3年連続の8位だが、意味合いは全く異なる。大島・備秀朗監督は「命がけでつかんだBクラス死守。選手たちをほめてあげてください」と感極まった。

 1区を予定していた川元がケガのため走れず、レースプランを変更せざるを得なかった。1区・久保、アンカー・栄もケガを抱えている中で備監督は「8位以内でBクラス死守」どころか「9位以下、最下位になることも覚悟した」という。

 だが苦しい台所事情だからこそ、選手たちは「8位以内」という目標を明確に持って一致団結。沿道の声援をはじめ島で応援している人たちの想いを背負い、持てる力を出し切った。

 1区・久保が8位で踏ん張り、2区・泉は順位を1つ上げ、期待していた社会人が良い流れを作った。3区・永田は一度抜かれた川辺との争いを制して7位をキープ。豊は順位を落としたが、久々の地元高から出場した意地をみせた。

 加藤主将が再び7位を取り返し、アンカー栄につなぐ。左足首をはじめ満身創痍だった栄まひるだが「笑顔で渡してくれたタスキを何としてもつなぎたかった」と覚悟を決めた。順位を落とし、明らかに本調子でない走りだったが、Bクラスを死守し、笑顔でゴールすることができた。

 「目に見えない力が走らせてくれたレースだった」と備監督は感じた。沿道から聞こえた地元・奄美会の「チヂンの音が勇気づけてくれた」と加藤美友主将は言う。ゴールまで走り切れたのは「あきらめない気持ちと誰かのために走ること」だったと栄は感じた。備監督は苦しんだ分、「今までで一番感動できたレースだった」と最大の賛辞を送っていた。(政純一郎)

社会人選手がチームけん引
「Bクラス死守」の原動力に 久保、泉、加藤

Bクラス死守の原動力になった社会人メンバー。左から野村マネジャー、久保、加藤主将、泉、上原=隼人運動場

 苦しい台所事情だった大島の中で、3人の社会人選手がチームをけん引し、Bクラス死守の原動力となった。
 久保愛結美にとっては本格的なレース自体が一昨年の本大会以来、2年ぶりだった。10㌔ほど体重を絞り、走れる身体は作ったが、スピード練習などは全くこなせず「不安しかない」状態だった。
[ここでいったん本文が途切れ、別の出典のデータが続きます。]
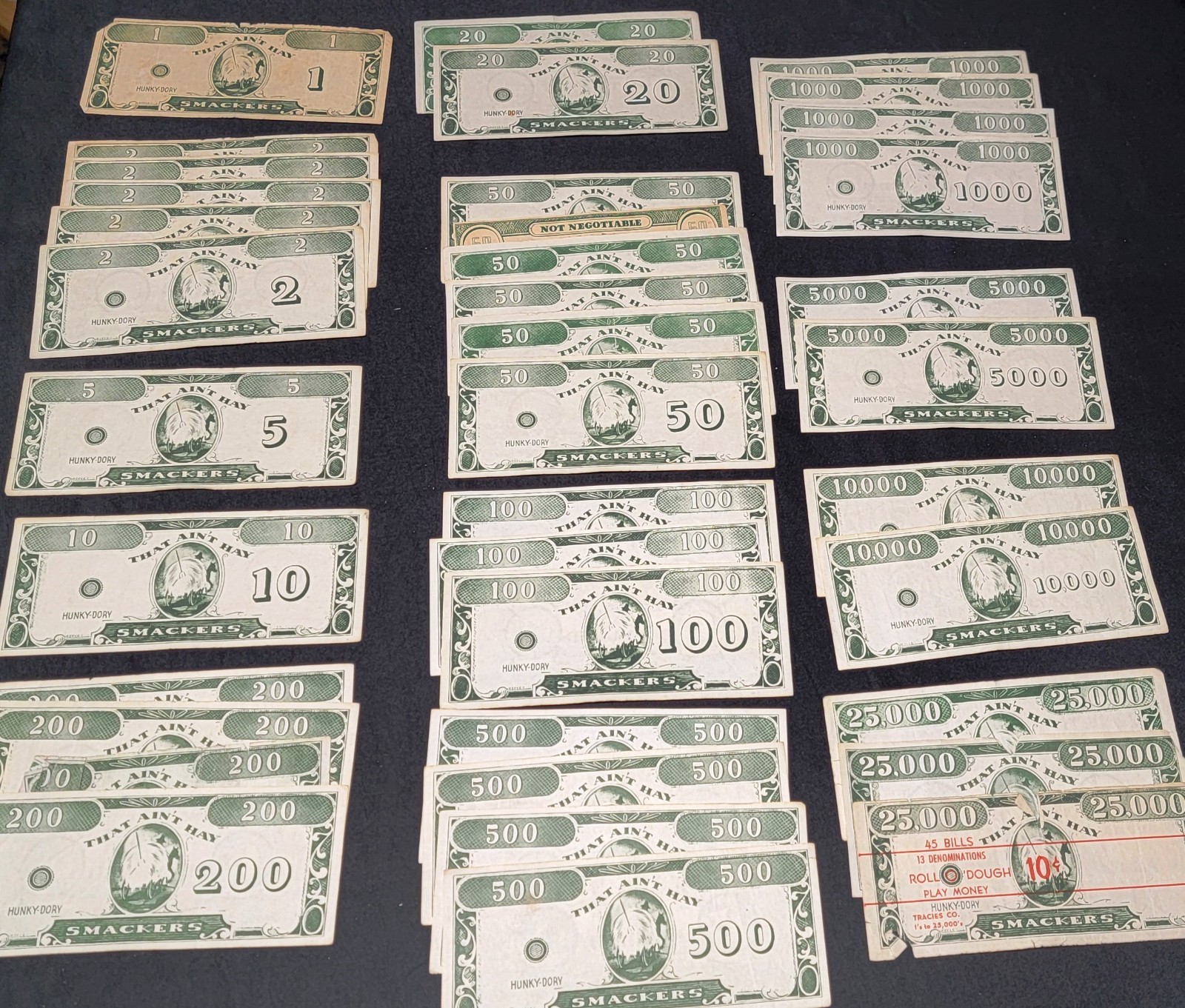 Lot 37 Vtg Tracies Inc Hunky-Dory Play Money That Ain’t Hay Smackers Ephemera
 1区は全国高校駅伝準優勝の神村学園高の猛者らと競う最重要区間。備監督は「ここを走れるのは愛結美しかいない!」と思っていた。「こんな自分にも声を掛けてくれた」故郷への想いを支えに、8位でタスキを2区につないだ。

 2年連続2回目の出走となる泉賀奈子は、30秒差あった川辺との距離を徐々に縮め、ラスト50㍍で逆転。「少しでも前の位置で渡して流れを作る」仕事ができた。
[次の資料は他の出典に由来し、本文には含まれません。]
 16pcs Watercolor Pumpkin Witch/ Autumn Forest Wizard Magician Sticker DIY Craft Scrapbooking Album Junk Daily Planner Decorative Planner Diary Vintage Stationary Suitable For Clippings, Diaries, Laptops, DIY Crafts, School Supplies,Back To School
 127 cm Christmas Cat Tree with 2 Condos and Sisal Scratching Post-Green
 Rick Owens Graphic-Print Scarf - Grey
 5区・加藤美友主将は川辺との37秒差を逆転。「目標達成のためにもがく」走りを主将自らやってのけた。

 大島チームは普段の活動場所がバラバラで、合同練習や合宿でもなかなか全員がそろわないのがハンディーといわれる。「だからこそ集まったときにみんな仲良く、一つにまとまれる」と泉は感じた。大阪から嫁いで、日頃は沖永良部で活動している自分を、昔からの仲間のように受け入れてくれる「温かさ」が大島チームの一番の強みに思えた。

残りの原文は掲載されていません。